This post is part of the Blog Carnival over at DeFinis Communications: The Impact of Public Speaking on Top Sales Performance. Drop by and check out the great posts from many talented bloggers.
Volumes have been written about the skills needed for successful sales presentations. Advice abounds about how to present benefits, not features; how to conduct product demos; how to use influencing techniques; how to establish rapport; how to close; and more.
Top sales performers embrace not only these sales skills but, most importantly, this fundamental of effective presenting: focus on the audience. They are clear that a sales presentation should be a dialogue between salesperson and audience. Most sales presentations typically involve small enough numbers of people to facilitate this.

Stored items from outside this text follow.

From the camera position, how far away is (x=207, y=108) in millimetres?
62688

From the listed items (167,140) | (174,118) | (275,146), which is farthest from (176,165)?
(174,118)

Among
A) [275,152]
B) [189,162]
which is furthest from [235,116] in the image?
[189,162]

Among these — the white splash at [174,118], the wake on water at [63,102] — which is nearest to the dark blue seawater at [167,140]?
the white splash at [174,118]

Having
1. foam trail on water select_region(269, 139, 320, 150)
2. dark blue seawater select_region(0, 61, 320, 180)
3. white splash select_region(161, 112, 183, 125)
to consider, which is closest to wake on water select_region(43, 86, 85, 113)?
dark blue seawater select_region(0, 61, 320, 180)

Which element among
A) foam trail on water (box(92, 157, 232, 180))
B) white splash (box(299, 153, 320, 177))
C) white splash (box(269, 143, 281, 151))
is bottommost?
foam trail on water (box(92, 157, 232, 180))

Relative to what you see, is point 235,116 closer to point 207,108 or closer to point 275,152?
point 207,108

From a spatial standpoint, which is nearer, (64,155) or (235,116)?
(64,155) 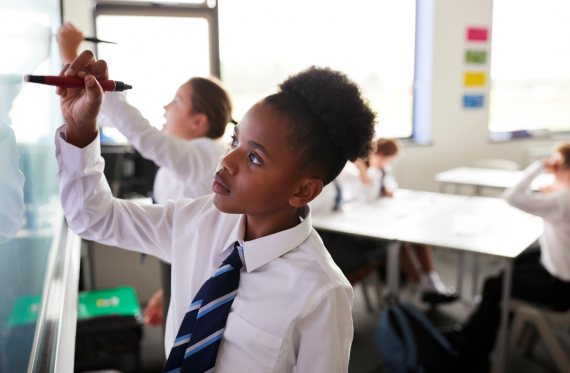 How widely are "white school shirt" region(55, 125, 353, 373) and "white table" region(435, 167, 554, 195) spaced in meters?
3.27

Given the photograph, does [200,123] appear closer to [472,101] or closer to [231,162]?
[231,162]

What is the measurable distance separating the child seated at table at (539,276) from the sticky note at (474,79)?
2919 millimetres

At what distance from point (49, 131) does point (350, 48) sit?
14.1 feet

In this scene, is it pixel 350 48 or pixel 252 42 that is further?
pixel 350 48

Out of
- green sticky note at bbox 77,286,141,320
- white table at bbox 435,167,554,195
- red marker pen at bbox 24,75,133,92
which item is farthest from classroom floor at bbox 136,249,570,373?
red marker pen at bbox 24,75,133,92

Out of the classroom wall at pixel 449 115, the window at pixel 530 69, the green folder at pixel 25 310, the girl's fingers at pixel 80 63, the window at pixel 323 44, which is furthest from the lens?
the window at pixel 530 69

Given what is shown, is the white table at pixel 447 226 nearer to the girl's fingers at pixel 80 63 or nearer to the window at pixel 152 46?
the window at pixel 152 46

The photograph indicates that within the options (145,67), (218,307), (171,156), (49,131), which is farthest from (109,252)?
(218,307)

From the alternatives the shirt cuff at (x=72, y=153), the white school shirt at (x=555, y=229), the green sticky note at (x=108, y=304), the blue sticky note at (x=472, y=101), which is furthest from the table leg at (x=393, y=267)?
the blue sticky note at (x=472, y=101)

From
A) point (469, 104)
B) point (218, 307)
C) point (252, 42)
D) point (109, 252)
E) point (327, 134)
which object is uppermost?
point (252, 42)

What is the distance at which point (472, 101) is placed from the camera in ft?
17.7

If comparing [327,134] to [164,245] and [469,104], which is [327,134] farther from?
[469,104]

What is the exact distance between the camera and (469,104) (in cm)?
538

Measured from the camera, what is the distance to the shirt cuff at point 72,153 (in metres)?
0.78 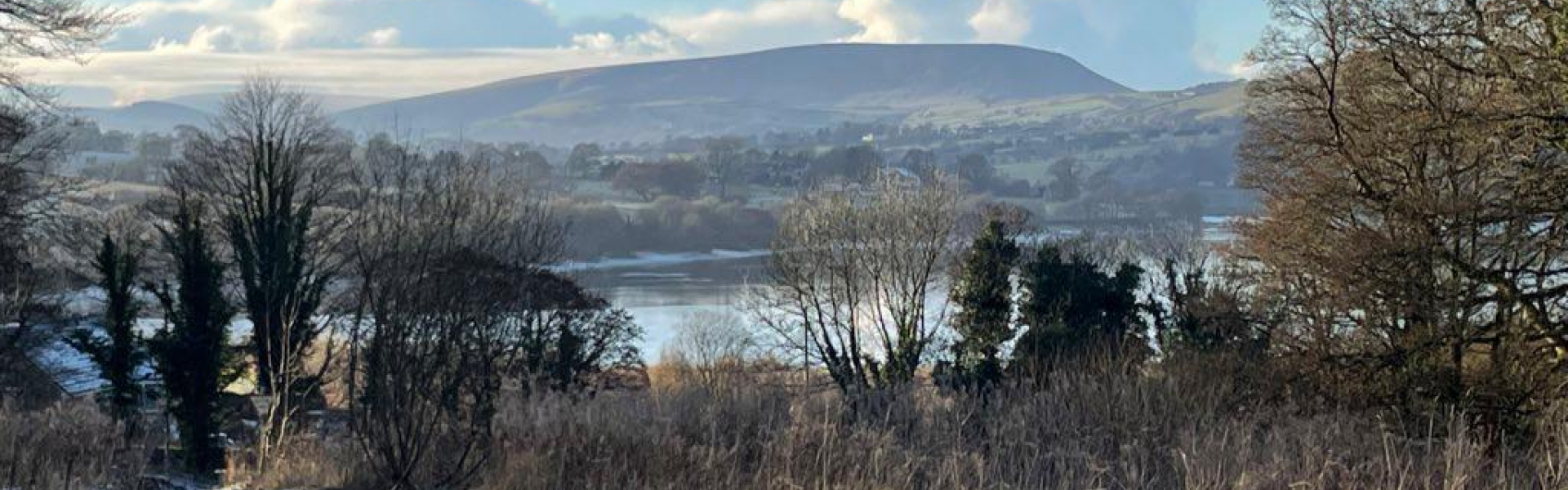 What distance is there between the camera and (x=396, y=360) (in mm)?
6480

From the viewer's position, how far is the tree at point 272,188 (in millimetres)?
20812

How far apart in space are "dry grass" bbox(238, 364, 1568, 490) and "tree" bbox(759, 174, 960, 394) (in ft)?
87.0

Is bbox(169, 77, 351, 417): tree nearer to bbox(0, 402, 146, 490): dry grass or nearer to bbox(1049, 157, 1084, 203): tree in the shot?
bbox(0, 402, 146, 490): dry grass

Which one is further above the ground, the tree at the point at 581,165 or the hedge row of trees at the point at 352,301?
the tree at the point at 581,165

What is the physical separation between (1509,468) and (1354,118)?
9.35m

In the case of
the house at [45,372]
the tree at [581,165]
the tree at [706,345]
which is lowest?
the tree at [706,345]

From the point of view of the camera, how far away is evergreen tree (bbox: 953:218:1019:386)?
33.0 metres

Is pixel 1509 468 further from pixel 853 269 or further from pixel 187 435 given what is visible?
pixel 853 269

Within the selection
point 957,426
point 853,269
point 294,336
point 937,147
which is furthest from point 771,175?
point 957,426

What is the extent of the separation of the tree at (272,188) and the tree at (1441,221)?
12.6m

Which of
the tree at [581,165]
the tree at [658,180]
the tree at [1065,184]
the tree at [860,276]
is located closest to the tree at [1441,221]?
the tree at [860,276]

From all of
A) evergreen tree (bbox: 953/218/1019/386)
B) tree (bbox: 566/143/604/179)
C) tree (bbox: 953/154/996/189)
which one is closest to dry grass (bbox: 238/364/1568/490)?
evergreen tree (bbox: 953/218/1019/386)

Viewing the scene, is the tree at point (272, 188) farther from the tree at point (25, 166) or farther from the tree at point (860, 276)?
the tree at point (860, 276)

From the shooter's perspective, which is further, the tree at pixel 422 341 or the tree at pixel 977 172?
the tree at pixel 977 172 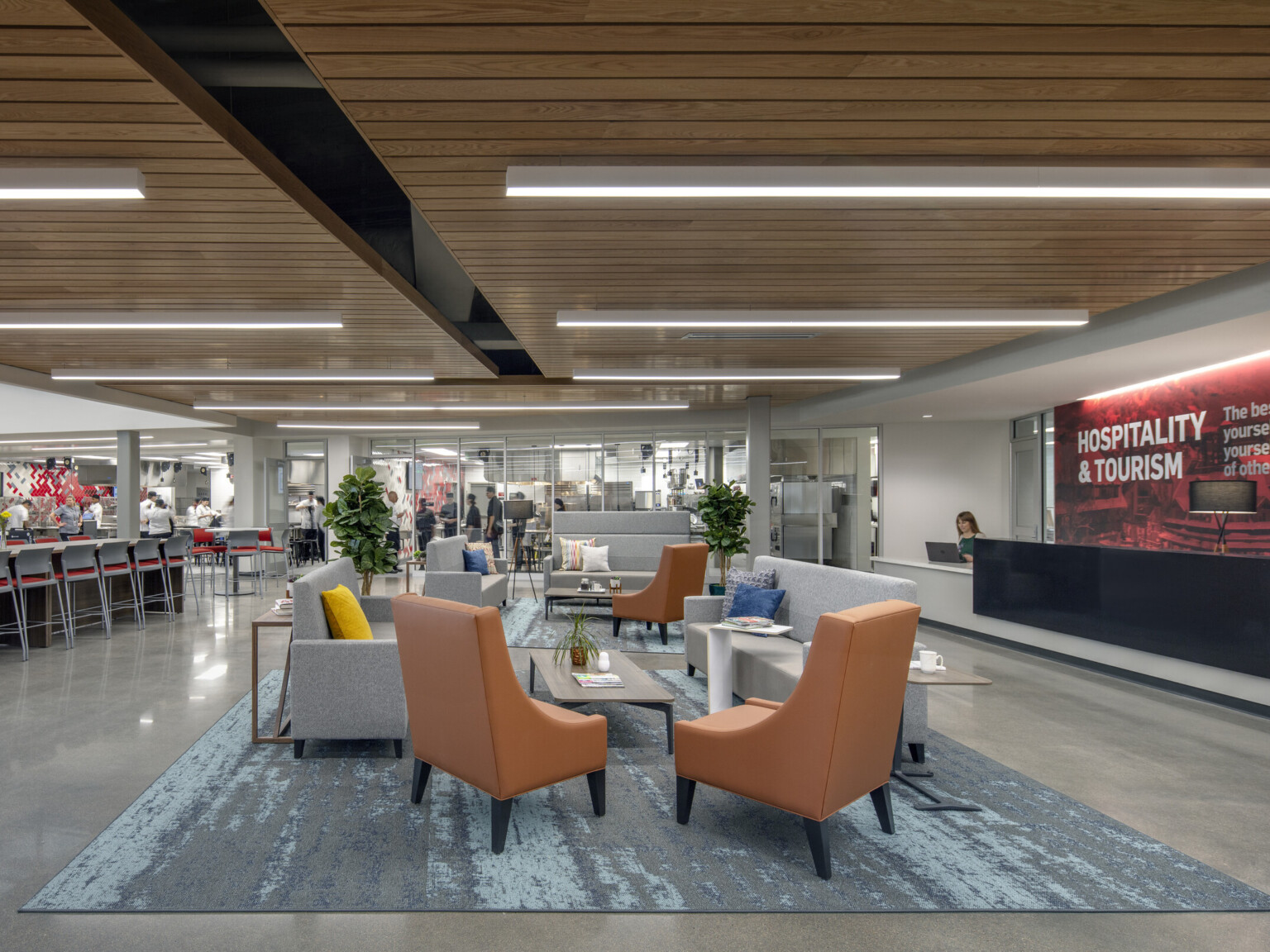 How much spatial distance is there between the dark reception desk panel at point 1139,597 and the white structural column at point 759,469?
319 cm

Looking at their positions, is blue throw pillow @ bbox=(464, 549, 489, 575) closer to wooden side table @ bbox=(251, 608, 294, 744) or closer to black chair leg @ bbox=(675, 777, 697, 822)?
wooden side table @ bbox=(251, 608, 294, 744)

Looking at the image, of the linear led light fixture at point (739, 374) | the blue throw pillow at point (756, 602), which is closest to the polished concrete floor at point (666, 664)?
the blue throw pillow at point (756, 602)

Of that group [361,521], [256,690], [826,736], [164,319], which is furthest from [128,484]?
[826,736]

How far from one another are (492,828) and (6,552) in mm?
6551

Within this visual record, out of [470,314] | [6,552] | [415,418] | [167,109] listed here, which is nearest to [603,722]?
[167,109]

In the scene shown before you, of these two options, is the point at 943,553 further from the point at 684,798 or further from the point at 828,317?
the point at 684,798

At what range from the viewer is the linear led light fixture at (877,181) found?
3027 mm

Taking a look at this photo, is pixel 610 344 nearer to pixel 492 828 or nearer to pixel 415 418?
pixel 492 828

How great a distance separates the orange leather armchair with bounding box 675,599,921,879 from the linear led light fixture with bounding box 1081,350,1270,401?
4987 mm

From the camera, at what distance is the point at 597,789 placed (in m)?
3.42

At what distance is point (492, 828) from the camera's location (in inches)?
120

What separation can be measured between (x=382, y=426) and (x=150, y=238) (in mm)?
9670

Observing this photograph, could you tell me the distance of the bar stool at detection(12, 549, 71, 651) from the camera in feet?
22.1

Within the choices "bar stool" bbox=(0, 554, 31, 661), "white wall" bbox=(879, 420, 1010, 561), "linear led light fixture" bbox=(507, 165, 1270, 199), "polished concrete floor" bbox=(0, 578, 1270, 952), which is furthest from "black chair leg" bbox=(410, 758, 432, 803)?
"white wall" bbox=(879, 420, 1010, 561) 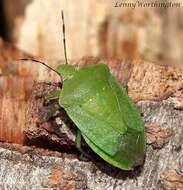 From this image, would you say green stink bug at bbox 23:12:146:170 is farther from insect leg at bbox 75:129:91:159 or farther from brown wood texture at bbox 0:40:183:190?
brown wood texture at bbox 0:40:183:190

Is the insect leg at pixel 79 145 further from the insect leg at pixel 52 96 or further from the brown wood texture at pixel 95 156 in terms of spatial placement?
the insect leg at pixel 52 96

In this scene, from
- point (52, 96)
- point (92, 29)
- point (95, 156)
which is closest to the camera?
point (95, 156)

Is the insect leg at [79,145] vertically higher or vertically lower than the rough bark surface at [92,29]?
lower

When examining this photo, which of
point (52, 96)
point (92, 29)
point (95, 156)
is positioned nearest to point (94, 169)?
point (95, 156)

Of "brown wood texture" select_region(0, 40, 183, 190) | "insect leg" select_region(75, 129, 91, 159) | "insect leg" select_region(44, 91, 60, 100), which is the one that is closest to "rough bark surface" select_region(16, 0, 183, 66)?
"brown wood texture" select_region(0, 40, 183, 190)

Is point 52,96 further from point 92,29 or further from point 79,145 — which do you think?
point 92,29

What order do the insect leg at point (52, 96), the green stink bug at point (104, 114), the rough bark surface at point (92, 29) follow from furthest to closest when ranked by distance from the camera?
the rough bark surface at point (92, 29) → the insect leg at point (52, 96) → the green stink bug at point (104, 114)

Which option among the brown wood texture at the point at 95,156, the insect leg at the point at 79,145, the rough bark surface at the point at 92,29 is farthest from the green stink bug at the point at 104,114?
the rough bark surface at the point at 92,29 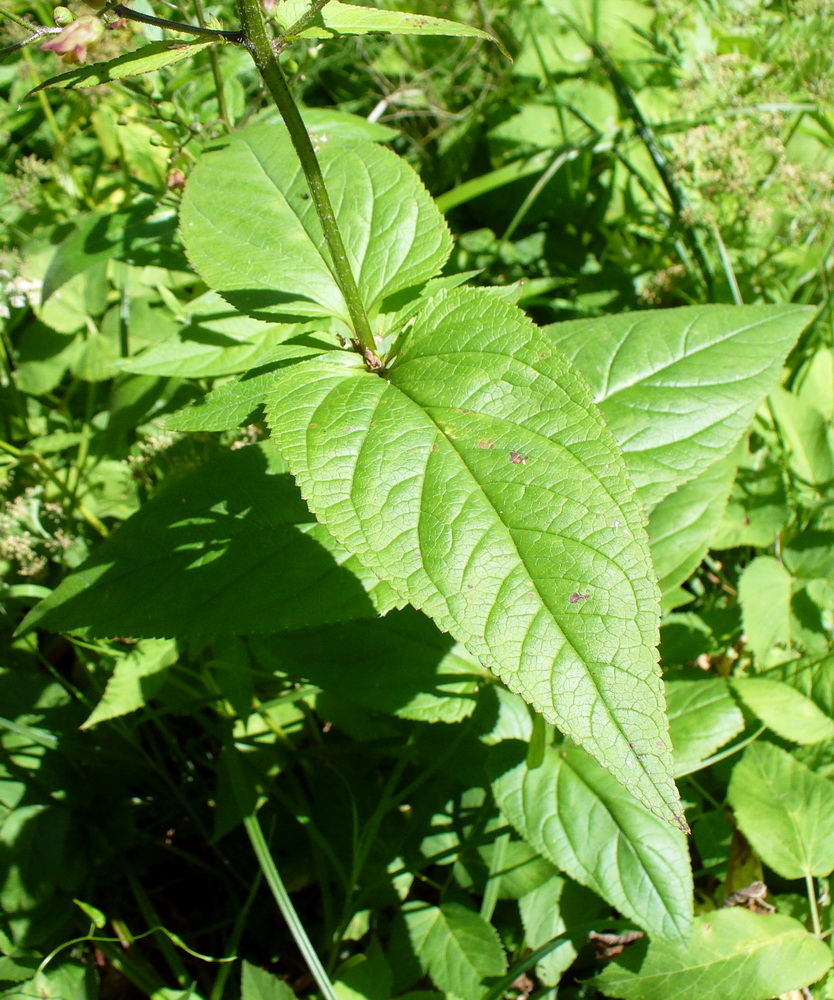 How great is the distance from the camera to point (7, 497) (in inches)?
109

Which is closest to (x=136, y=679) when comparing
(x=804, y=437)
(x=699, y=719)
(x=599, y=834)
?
(x=599, y=834)

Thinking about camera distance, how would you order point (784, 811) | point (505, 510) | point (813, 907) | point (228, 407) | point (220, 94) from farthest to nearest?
point (220, 94)
point (784, 811)
point (813, 907)
point (228, 407)
point (505, 510)

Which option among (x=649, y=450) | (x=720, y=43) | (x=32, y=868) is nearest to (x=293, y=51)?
(x=720, y=43)

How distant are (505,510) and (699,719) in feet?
3.65

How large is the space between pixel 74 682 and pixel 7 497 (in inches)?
26.3

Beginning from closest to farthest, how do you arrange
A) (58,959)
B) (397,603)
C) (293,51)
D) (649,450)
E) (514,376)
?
1. (514,376)
2. (397,603)
3. (649,450)
4. (58,959)
5. (293,51)

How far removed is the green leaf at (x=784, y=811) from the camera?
1.93 metres

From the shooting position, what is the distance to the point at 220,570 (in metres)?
1.61

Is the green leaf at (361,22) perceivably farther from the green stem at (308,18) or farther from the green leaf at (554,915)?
the green leaf at (554,915)

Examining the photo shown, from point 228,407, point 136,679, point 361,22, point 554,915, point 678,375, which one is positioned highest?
point 361,22

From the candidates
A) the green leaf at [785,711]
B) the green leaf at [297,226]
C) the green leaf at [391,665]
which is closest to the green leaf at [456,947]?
the green leaf at [391,665]

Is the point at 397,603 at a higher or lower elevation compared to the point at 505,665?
lower

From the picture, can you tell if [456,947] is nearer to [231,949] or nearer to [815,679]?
[231,949]

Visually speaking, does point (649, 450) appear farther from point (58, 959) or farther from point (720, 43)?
point (720, 43) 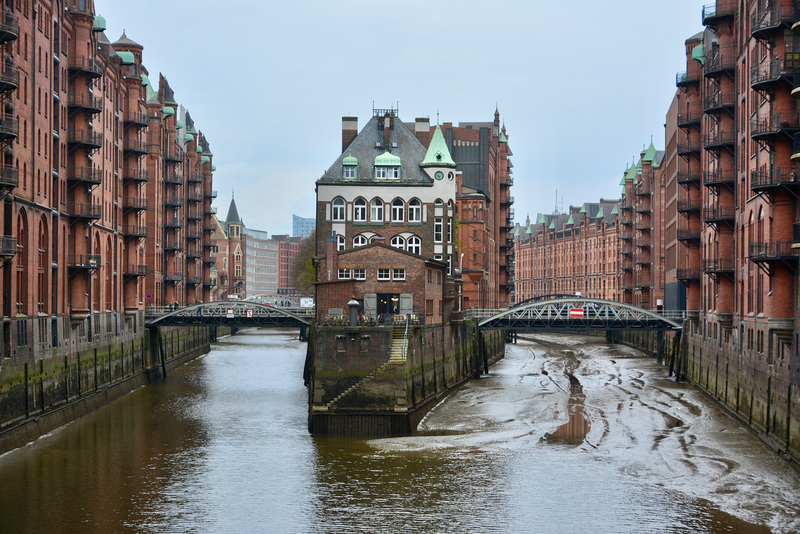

WHAT DOES FOCUS ON THE AUDIENCE MEAN?
It's easy to use a term like this and assume that everyone understands the same thing. But there are specific behaviors to adopt to demonstrate genuine audience focus.
- Be Flexible Observe your audience's reactions as you're speaking. Be prepared to pause the presentation if you notice any confusion, skepticism or boredom. It's better to address these issues rather than let them grow. Notice any signs of agreement and reinforce them. Be flexible enough to deviate from your planned comments and pursue a different conversation if that seems important to the audience. If you know your material well enough, you'll easily be able to get back on track.
- Ask Questions Do this frequently during the presentation to assess the audience's understanding and buy in. This also allows you to uncover objections early so you can address them. Incorporate their answers and reflect them back, as appropriate, later in the presentation.
- Show Emotion If you're not enthusiastic about and committed to the value of your product, your service or yourself, why would your audience be? Sincere enthusiasm will enhance your credibility. As well, relating to your audience on a human level helps establish rapport.
- Listen Listening [that means not talking!] to your audience's comments will give you insights into how they're receiving your information and what underlying thoughts, concerns or questions they might have. Give them your full attention and don't prepare your answer while they are speaking.